“Two major injustices — inequality and climate change — are threatening to undermine the efforts of millions of people to escape poverty and hunger. By concentrating wealth and power in the hands of a few, inequality robs the poorest people of the support they need to improve their lives. And as climate change devastates crops and livelihoods, it undoes poor people’s efforts to feed their families.
But an historic opportunity is on the horizon as the sun sets on the Millennium Development Goals. Right now the UN is in the midst of a heated debate about the new set of Sustainable Development Goals. This new framework for global development could end poverty and save the planet.
Laudable progress has been made under the MDGs, which are set to expire next year.
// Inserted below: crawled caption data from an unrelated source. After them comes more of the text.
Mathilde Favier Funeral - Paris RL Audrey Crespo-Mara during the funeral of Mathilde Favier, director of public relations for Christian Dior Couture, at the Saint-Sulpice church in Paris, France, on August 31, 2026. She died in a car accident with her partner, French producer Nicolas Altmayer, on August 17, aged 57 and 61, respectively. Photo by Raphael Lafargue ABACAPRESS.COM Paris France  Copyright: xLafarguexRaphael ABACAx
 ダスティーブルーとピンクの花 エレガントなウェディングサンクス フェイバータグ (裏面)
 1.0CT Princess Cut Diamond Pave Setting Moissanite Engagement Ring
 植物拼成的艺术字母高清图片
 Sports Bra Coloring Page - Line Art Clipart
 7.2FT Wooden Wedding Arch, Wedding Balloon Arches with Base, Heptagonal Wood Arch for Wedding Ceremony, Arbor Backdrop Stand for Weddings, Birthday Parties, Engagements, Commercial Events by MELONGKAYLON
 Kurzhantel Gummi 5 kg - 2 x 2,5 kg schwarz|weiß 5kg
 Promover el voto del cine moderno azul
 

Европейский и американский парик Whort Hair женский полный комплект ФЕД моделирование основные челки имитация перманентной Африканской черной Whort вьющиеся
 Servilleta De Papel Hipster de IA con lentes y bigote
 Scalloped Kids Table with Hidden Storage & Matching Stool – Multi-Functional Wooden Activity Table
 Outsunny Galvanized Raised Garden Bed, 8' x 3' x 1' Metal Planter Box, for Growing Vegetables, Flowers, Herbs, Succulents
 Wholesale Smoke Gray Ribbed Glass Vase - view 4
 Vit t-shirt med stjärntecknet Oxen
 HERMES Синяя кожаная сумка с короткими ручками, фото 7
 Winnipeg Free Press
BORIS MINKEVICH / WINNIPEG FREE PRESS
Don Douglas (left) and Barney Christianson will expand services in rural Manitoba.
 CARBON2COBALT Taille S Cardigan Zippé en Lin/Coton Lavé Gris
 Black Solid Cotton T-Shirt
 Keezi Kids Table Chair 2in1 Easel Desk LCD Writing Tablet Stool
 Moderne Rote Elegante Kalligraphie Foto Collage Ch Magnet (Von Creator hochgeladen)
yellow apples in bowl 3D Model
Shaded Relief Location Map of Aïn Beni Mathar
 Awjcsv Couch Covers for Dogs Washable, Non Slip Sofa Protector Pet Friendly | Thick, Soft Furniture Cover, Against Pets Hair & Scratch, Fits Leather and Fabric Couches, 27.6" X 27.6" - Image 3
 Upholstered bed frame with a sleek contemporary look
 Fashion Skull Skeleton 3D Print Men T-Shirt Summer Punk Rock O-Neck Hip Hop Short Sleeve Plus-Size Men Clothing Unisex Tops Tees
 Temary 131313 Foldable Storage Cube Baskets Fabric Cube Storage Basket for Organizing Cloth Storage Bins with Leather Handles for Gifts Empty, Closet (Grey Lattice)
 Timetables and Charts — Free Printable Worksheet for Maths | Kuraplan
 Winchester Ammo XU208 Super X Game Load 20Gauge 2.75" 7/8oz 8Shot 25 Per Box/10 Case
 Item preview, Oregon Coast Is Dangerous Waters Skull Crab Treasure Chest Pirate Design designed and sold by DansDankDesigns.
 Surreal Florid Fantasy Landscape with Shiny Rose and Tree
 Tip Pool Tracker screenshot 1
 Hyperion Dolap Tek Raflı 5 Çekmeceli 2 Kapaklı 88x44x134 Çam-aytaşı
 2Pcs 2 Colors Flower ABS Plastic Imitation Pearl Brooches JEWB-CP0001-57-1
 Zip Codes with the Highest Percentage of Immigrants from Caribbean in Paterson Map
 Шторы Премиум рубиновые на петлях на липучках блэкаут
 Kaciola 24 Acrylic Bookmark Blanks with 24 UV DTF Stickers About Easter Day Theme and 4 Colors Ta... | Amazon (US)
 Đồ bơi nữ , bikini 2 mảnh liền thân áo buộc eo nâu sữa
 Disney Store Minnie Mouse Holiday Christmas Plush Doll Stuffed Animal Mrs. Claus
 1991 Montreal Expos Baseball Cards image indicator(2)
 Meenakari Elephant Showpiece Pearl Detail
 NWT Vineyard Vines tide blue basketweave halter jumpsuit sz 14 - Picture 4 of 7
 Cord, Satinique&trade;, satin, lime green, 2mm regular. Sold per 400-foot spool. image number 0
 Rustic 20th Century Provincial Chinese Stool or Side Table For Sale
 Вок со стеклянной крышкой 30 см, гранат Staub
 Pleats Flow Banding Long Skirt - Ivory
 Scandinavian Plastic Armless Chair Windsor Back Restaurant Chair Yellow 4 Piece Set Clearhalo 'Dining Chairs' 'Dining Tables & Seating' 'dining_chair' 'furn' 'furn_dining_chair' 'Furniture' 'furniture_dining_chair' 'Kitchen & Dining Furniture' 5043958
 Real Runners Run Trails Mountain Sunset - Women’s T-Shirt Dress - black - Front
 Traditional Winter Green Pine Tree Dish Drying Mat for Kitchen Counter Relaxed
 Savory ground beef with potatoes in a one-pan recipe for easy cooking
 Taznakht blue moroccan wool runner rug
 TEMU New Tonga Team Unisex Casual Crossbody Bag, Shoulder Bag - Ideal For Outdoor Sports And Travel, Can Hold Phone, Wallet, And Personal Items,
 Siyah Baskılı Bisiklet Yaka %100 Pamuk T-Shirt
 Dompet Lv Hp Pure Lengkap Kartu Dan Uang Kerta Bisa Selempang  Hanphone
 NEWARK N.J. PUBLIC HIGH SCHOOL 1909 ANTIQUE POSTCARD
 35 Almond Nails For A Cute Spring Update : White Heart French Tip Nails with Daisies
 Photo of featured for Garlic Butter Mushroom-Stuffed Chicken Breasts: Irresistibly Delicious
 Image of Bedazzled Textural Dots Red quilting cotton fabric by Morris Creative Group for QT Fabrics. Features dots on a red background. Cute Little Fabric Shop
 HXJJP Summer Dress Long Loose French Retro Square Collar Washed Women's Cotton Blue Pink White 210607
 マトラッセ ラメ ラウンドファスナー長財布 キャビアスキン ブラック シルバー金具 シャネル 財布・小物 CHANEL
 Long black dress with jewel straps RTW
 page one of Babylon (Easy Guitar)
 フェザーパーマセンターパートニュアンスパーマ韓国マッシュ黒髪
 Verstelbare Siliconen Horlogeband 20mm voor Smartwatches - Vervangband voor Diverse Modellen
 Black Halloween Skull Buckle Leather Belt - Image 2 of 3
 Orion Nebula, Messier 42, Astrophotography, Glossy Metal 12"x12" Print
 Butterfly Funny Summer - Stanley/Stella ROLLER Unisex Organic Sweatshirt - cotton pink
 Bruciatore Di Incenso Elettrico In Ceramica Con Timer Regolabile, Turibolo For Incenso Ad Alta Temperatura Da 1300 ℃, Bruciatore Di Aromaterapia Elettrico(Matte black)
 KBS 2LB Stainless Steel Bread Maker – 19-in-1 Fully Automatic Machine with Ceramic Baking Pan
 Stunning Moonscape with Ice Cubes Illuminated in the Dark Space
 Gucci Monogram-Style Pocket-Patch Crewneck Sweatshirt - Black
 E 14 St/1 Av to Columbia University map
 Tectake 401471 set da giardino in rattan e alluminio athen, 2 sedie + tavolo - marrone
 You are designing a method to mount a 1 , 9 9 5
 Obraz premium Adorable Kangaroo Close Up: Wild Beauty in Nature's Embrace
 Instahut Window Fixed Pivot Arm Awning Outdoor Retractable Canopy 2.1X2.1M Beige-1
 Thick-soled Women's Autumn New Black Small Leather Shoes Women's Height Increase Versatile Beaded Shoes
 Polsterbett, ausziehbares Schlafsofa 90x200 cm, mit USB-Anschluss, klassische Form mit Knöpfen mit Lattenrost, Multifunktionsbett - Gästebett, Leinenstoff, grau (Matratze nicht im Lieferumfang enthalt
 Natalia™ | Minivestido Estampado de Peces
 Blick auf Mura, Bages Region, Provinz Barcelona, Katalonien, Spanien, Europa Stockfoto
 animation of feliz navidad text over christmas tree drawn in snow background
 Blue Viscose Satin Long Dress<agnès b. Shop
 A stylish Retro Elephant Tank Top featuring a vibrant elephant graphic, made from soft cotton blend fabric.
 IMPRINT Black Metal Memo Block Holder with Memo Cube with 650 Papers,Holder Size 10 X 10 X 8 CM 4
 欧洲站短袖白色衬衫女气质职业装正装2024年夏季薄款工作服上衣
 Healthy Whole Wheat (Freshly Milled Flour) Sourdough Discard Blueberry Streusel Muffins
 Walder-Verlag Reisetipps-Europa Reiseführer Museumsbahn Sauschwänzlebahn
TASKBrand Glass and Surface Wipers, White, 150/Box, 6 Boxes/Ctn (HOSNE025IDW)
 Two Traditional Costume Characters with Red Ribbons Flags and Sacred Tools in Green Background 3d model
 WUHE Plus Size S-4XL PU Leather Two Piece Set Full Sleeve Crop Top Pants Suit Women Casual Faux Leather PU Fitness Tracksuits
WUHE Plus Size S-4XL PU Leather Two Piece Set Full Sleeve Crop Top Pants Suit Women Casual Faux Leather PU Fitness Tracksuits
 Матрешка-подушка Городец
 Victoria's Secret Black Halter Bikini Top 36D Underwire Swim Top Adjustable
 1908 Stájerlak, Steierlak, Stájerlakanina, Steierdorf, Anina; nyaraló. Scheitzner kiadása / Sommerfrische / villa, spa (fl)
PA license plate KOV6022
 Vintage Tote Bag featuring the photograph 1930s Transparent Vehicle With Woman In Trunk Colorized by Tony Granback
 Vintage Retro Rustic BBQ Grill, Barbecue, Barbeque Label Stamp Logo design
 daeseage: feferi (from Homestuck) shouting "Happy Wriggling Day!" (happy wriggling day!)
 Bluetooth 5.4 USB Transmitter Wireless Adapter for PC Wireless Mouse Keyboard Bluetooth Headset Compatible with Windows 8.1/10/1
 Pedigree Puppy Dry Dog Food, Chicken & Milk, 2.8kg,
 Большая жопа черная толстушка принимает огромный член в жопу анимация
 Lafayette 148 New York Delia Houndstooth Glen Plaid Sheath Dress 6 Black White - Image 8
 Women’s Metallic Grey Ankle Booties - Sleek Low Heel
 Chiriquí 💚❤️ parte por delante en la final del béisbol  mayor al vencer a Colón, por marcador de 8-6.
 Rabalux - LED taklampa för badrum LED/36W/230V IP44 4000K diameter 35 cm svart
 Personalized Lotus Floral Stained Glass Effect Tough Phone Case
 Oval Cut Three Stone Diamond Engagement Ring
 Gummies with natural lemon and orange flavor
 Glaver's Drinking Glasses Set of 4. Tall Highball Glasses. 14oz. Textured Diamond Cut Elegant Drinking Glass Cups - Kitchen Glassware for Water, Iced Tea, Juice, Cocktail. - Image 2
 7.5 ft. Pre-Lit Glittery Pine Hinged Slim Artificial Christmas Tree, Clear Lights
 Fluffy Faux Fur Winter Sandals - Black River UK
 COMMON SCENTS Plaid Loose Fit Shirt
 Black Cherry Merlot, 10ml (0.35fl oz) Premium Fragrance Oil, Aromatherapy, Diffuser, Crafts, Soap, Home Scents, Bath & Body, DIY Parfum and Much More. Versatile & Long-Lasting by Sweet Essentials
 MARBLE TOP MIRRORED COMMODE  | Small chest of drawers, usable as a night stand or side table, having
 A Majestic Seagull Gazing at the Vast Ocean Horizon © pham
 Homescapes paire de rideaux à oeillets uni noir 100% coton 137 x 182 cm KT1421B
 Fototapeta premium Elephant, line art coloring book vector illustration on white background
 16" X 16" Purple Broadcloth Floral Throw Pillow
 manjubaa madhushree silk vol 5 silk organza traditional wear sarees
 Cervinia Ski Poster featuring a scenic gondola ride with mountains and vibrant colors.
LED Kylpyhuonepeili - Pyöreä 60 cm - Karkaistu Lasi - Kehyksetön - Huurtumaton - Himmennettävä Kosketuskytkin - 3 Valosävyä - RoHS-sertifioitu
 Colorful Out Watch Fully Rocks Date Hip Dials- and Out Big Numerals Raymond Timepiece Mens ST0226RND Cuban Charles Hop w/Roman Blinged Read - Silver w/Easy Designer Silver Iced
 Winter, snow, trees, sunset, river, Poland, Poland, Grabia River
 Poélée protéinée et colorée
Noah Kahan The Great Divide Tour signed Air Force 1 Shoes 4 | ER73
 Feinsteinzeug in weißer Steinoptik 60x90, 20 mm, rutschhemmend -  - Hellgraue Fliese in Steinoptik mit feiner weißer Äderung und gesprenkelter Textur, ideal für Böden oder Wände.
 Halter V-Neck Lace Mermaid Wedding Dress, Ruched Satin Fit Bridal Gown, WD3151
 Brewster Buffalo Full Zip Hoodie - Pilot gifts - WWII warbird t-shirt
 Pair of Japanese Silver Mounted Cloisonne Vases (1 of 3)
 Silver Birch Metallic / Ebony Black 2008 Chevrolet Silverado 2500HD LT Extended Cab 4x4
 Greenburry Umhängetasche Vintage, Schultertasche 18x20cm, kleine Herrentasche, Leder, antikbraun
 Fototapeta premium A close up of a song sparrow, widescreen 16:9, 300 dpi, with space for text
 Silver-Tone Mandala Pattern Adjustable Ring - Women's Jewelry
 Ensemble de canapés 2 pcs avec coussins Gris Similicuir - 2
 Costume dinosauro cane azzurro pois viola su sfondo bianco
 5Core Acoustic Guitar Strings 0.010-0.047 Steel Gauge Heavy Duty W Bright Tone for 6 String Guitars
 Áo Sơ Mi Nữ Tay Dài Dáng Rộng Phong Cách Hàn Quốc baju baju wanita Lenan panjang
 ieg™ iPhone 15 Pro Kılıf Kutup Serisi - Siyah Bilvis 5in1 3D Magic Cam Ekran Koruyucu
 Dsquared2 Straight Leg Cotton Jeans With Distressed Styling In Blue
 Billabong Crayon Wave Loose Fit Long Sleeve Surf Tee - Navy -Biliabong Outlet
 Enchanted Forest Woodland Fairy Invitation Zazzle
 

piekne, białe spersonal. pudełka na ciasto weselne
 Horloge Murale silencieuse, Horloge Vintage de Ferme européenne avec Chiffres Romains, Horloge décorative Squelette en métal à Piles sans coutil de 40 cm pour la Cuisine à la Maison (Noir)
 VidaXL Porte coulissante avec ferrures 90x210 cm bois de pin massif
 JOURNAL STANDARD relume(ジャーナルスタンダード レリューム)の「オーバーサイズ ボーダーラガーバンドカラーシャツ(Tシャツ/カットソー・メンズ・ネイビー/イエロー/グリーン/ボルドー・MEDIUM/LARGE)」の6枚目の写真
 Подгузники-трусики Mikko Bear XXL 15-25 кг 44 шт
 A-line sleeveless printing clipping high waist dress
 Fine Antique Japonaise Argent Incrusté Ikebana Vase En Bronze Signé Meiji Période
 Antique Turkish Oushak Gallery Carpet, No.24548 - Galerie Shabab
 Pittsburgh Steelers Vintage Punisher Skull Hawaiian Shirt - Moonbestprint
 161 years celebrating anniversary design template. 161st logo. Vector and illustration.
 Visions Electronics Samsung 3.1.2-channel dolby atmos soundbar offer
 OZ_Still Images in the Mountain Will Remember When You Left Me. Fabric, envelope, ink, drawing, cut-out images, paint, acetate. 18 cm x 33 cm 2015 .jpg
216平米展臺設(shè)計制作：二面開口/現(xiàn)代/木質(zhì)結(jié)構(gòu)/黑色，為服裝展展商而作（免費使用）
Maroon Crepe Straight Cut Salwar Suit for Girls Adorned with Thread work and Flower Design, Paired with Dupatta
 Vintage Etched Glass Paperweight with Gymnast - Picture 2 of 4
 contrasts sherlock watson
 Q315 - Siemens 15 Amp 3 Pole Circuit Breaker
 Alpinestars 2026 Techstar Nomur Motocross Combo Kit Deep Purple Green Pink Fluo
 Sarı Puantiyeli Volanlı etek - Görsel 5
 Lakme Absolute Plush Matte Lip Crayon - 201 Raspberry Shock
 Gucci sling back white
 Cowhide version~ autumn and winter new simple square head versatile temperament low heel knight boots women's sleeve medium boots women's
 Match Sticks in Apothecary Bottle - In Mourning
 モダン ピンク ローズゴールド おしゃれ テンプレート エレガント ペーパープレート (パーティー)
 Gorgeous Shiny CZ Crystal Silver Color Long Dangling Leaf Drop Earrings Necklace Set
The goal to halve extreme poverty has been met — an achievement to celebrate. The MDGs have inspired a common purpose and ambition, and there have been many development successes over the last 14 years.
Yet the twin challenges of inequality and climate change have not been adequately tackled — and Oxfam fears the same mistake will be made again. If we are to create a fairer, healthier world, the new Sustainable Development Goals must be ambitious, and backed up by strong action on climate change.
Recently, Oxfam revealed that the world’s 85 richest people have as much wealth as the poorest 3.5 billion. That figure was recently revised. Now the richest 66 have the same as the bottom half of humanity. If the global community fails to curb the widening gap, a host of related economic and social problems will ensue, including the undermining of efforts to eradicate poverty. We can only lift up those at the bottom if we tackle the extreme wealth at the top.
At the same time, climate change is threatening to undo progress made in confronting poverty over the last decade. More than 800 million people are at risk of hunger. Through its devastating impact on crops and livelihoods, climate change is predicted to increase that number by as much as 20 percent by 2050.”